* _ASSIGNMENT_
Among the entries below, only the lines from the one with "Dining - 650" through the one with "903 E Main Street, Greenville, OH" are wanted, reproduced exactly. Pictures are not wanted.

--- MATERIAL PROVIDED Enclosed Below ---

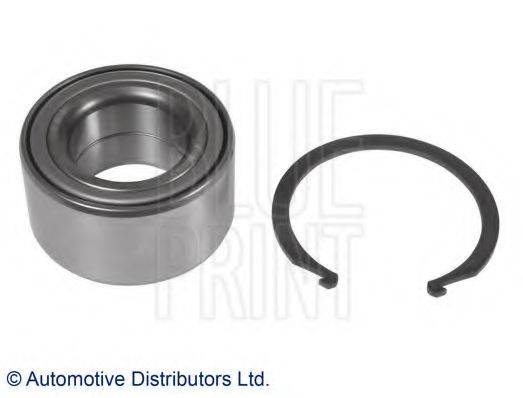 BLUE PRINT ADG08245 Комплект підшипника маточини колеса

--- End of Enclosed MATERIAL PROVIDED ---
--- MATERIAL PROVIDED Enclosed Below ---

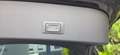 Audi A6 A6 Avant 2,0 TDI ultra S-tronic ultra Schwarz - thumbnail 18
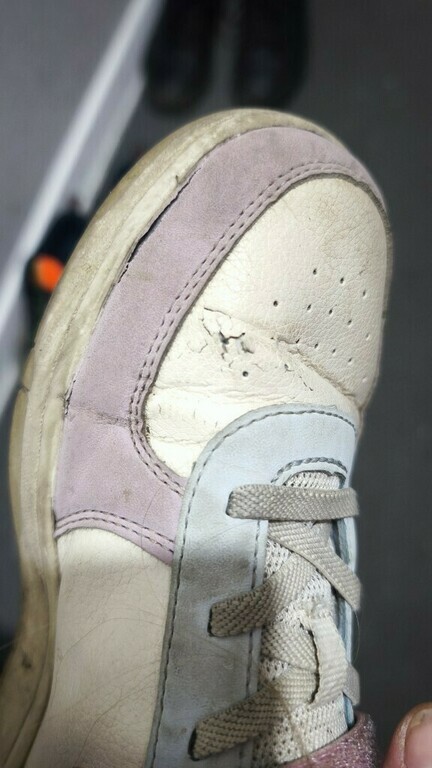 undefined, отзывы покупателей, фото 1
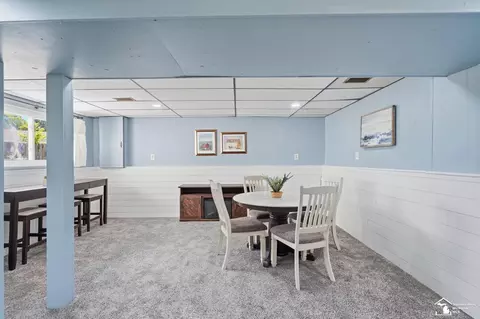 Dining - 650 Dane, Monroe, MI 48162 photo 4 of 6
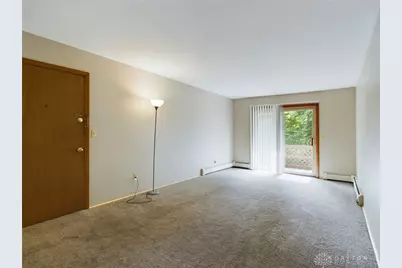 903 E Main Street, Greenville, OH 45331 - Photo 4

--- End of Enclosed MATERIAL PROVIDED ---

* _THE COMPLETED TASK_
 Dining - 650 Dane, Monroe, MI 48162 photo 4 of 6
 903 E Main Street, Greenville, OH 45331 - Photo 4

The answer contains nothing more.